Gegen das ihr am 10.05.2016 zugestellte Urteil hat die Beklagte am 31.05.2016 Berufung eingelegt und diese - nach Verlängerung der Berufungsbegründungsfrist bis zum 27.07.2016 - mit einem an diesem Tag beim Landesarbeitsgericht eingegangenen Schriftsatz begründet.
Zur Begründung ihrer Berufung führt sie aus, nach der aktuellen Rechtsprechung des Bundesarbeitsgerichts sei für das Vorliegen einer wissenschaftlichen Tätigkeit entgegen der Auffassung des Arbeitsgerichts ausreichend, dass der Lehrende wissenschaftliche Erkenntnisse Dritter vermittele. Sie beruft sich darauf, zur Vor- und Nachbereitung der Lehrveranstaltungen habe sich der Kläger mit umfangreicher Literatur auseinandergesetzt, um den Studenten den aktuellen Forschungsstand zu vermitteln. Dass es sich nicht lediglich um Unterricht handele, folge bereits daraus, dass dem Kläger 65 % seiner Arbeitszeit zur Verfügung stünden, um ein Lehrdeputat von 6,5 Semesterwochenstunden zu bestreiten. Auch habe zwischen seinen Lehrveranstaltungen und seinen Forschungsaktivitäten ein Zusammenhang bestanden.

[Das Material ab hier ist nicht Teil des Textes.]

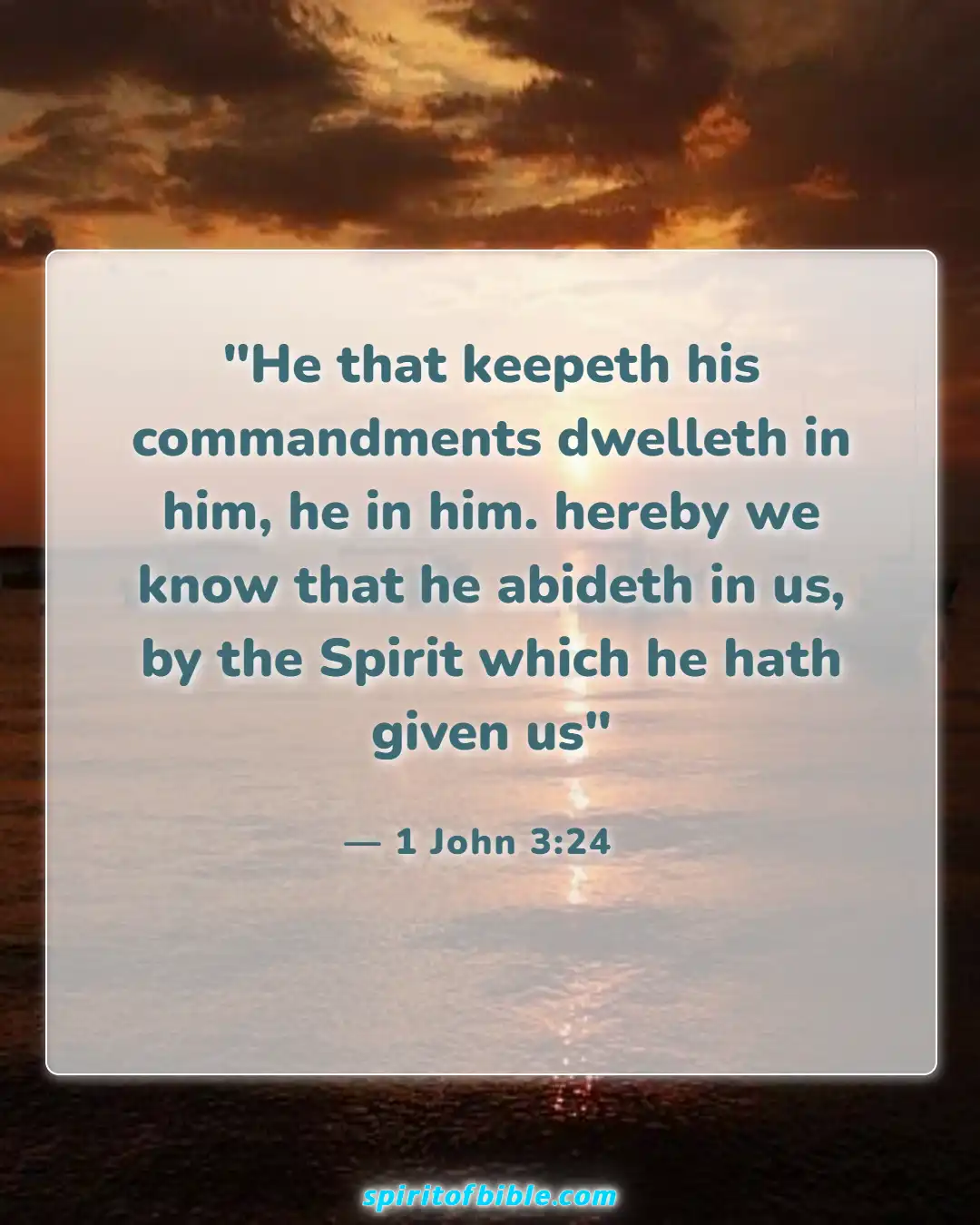 Bible Verses About Spending Time With God (1 John 3:24)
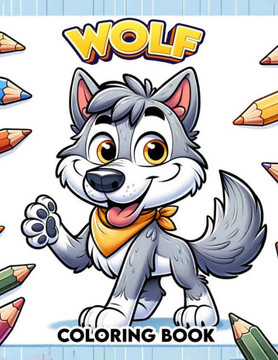 Wolf Coloring Book: Embark on a Colorful Journey Through the Wild with These Magnificent Wolves
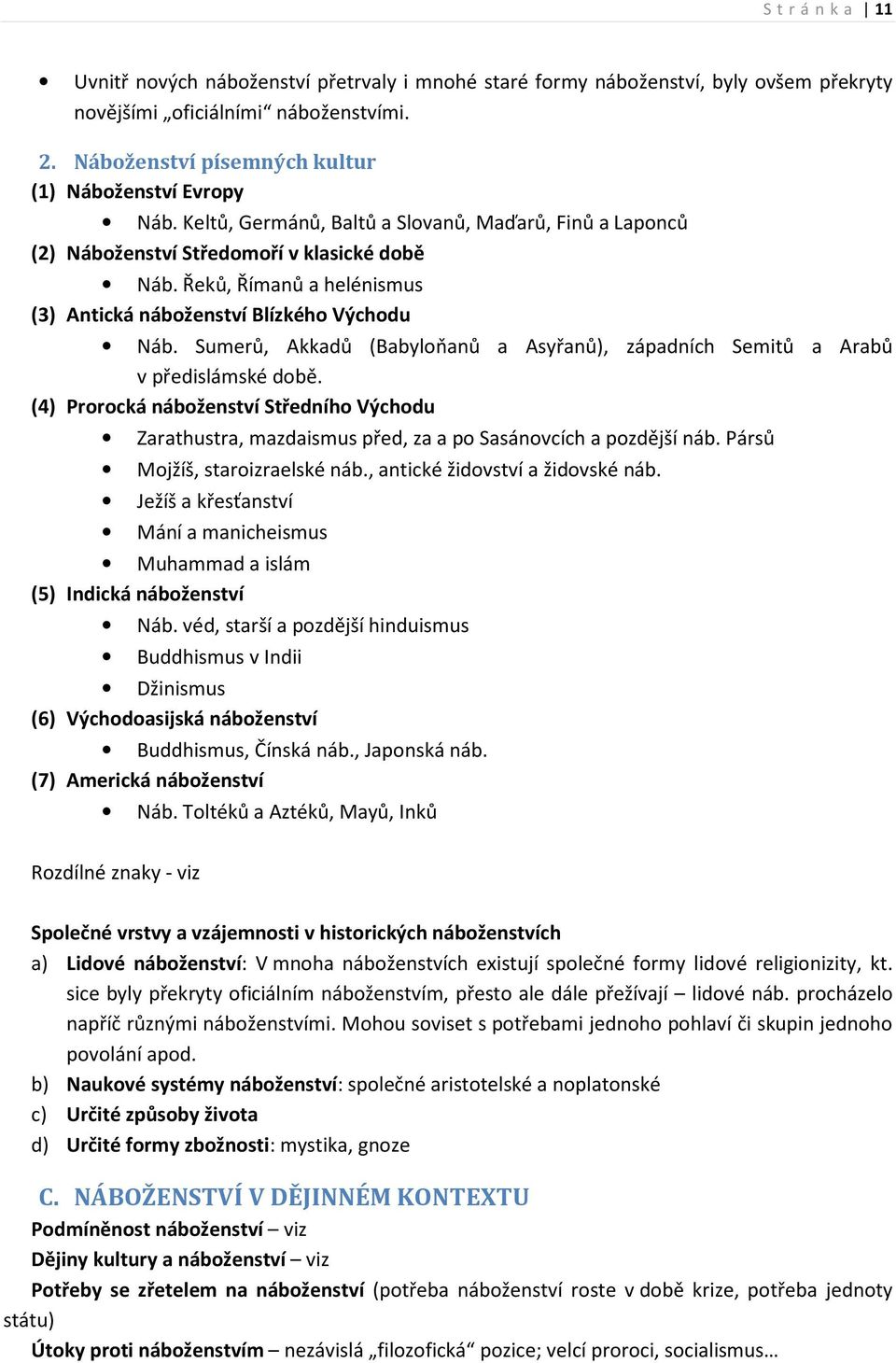 Řeků, Římanů a helénismus (3) Antická náboženství Blízkého Východu Náb. Sumerů, Akkadů (Babyloňanů a Asyřanů), západních Semitů a Arabů v předislámské době.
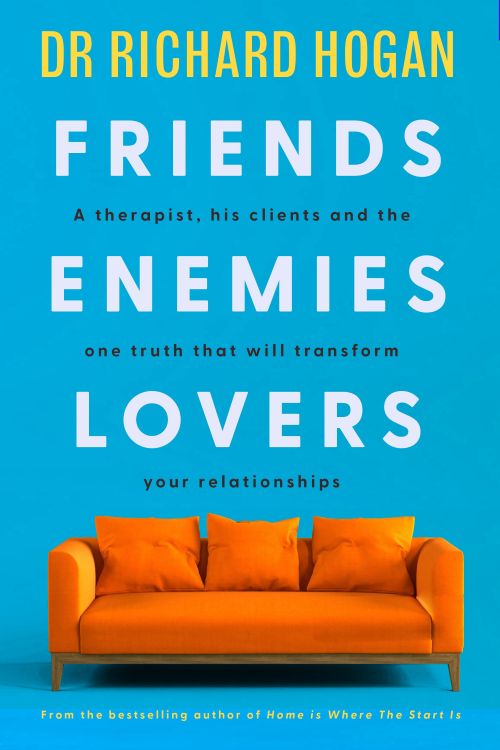 Friends Enemies Lovers | Dr Richard Hogan | 2027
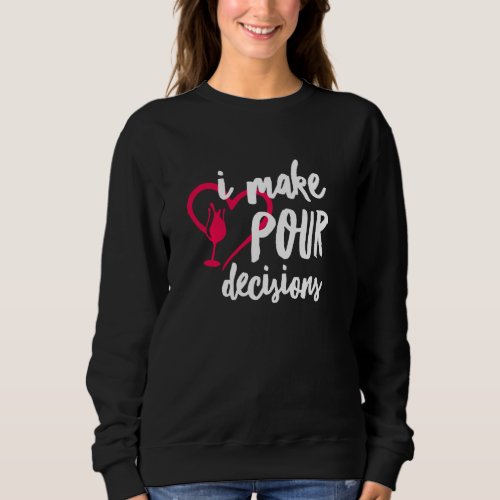 I Make Pour Decisions Funny Wine Sommelier Drinkin Sweatshirt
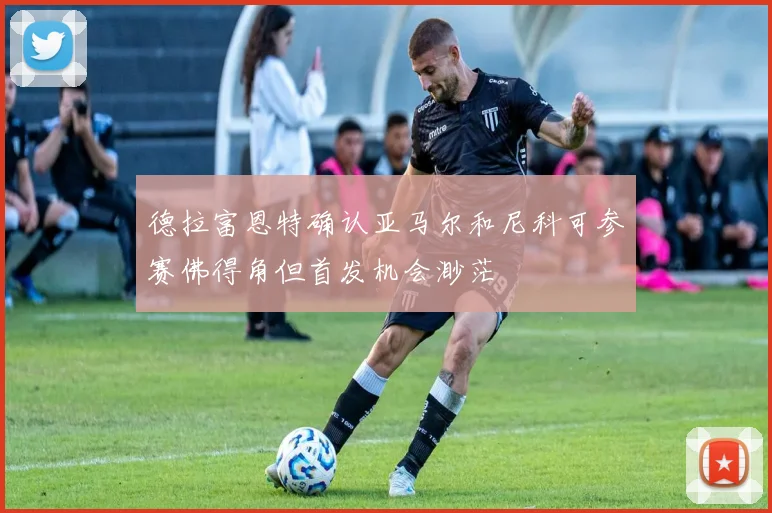 德拉富恩特确认亚马尔和尼科可参赛佛得角但首发机会渺茫
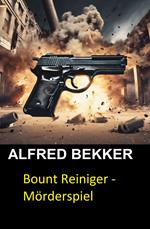 Bount Reiniger - Mörderspiel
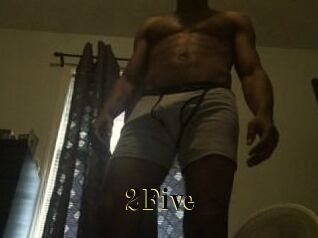 2Five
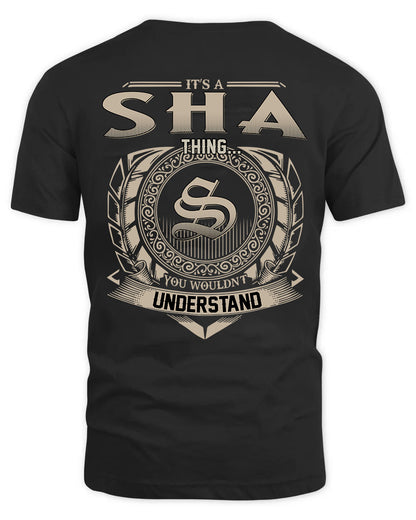 SHA HH88-K2–Personalized Name Quote Apparel “It’s a/an NAME Thing You Wouldn’t Understand”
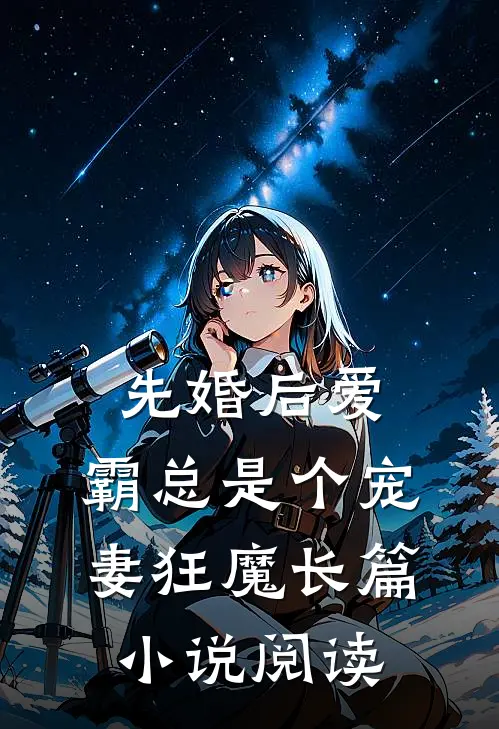 先婚后爱：霸总是个宠妻狂魔长篇小说阅读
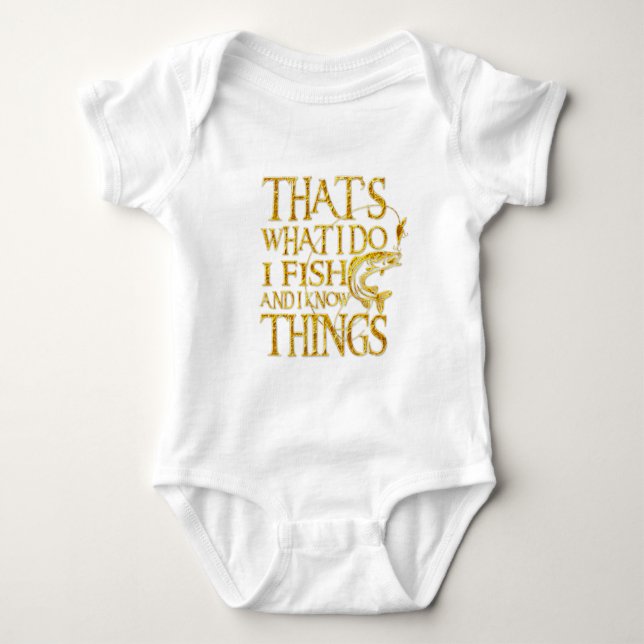 That's What I Do I Fish And I Know Things Tshirt (Front)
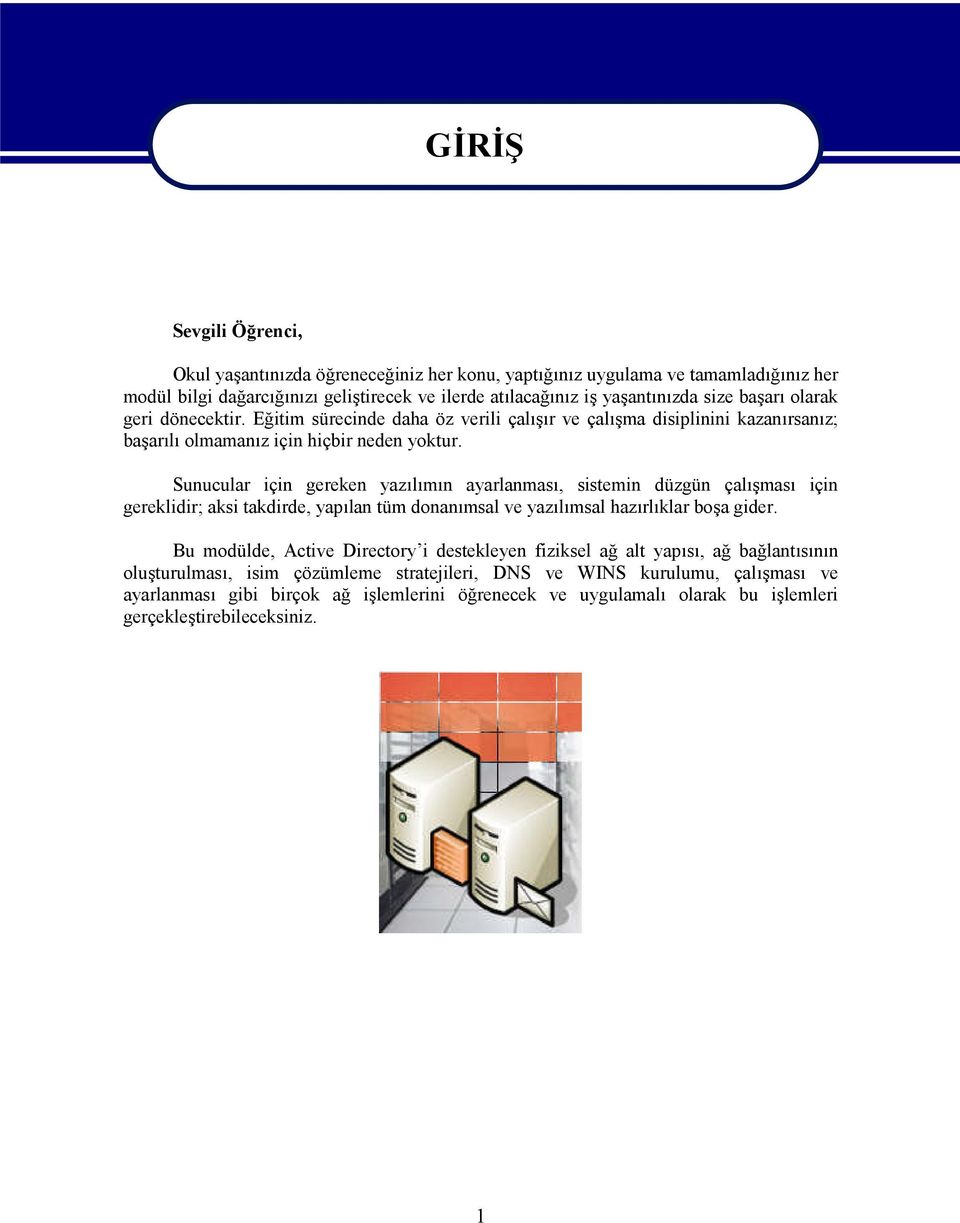 Sunucular için gereken yazılımın ayarlanması, sistemin düzgün çalışması için gereklidir; aksi takdirde, yapılan tüm donanımsal ve yazılımsal hazırlıklar boşa gider.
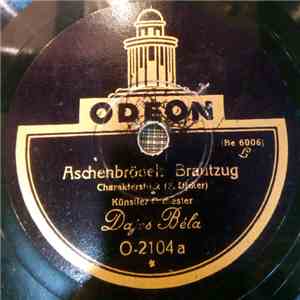 Dajos Béla - Aschenbrödels Brautzug / Großmütterchen download flac mp3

Für eine Zuordnung zum wissenschaftlichen Personal spreche zudem, dass der Kläger ausweislich der Arbeitsplatzbeschreibung in die Funktionsgruppe Arbeitsgemeinschaft Grundschulforschung eingegliedert und damit Teil eines forschenden Teams sei.
Die Beklagte beantragt,
das Urteil des Arbeitsgerichts Essen vom 14.04.2016 - 1 Ca 3012/15 - abzuändern und die Klage abzuweisen.
Der Kläger beantragt,
die Berufung zurückzuweisen.
D...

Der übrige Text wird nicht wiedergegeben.